Ahora mismo estoy rebañando los restos de besamel que han quedado pegados en la sartén donde he hecho la pasta de las croquetas que tanto le gustan a mi hija. Cocino, sobre todo, los fines de semana, cuando puedo prolongar la sobremesa con ella y, a veces, con sus amigos y sus parejas que, por cierto, se suceden con demasiada frecuencia. Entonces hago las mismas comidas que solía hacer mi madre los domingos: las famosas albóndigas de solomillo, las croquetas de jamón, la consabida paella de verduras y los postres de chocolate o de yogur con limón. A todo le echo un poco de fantasía que consiste escuetamente en añadir curry, azafrán o cilantro a los platos salados y vinos o licores a los dulces. El cuscús es la única novedad culinaria que he añadido al menú.

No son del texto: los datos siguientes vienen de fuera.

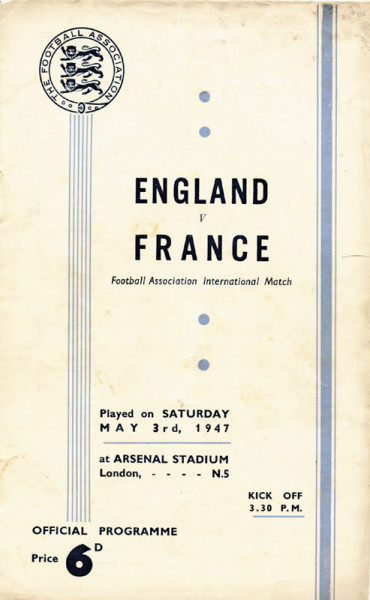 Football Programme 1947 England v France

Mientras doy forma a la masa de las croquetas me veo como lo que soy: una divorciada gorda al borde de los sesenta, como Marianne Faithfull en Irina Palm, aquella película tremenda donde la protagonista se ve obligada a prostituirse para pagar el costoso tratamiento de su nieto enfermo. Ya me gustaría ser así, no como Irina Palm, naturalmente, sino como Marianne Faithfull hace cuarenta años, cuando cantaba Something better y era una joven hermosa de rubia melena y mirada seductora, nada menos que la chica de Mick Jagger. También yo era atractiva en aquellos años, aunque jamás tuve relación con los Rolling Stones, Anthony Hopkins o Alain Delon. Pensándolo bien, prefiero no meterme en la piel de una mujer adicta a la heroína que superó un coma por sobredosis, perdió la custodia de sus hijas, tuvo algún intento de suicidio y un cáncer de mama. Todo eso le pasó a la Faithfull, pero lo cierto es que resucitó y ahí está caminando erguida a los sesenta y tantos años. Aunque me azoto frecuentemente con la nostalgia, no hubiera soportado tantas dosis de autodestrucción.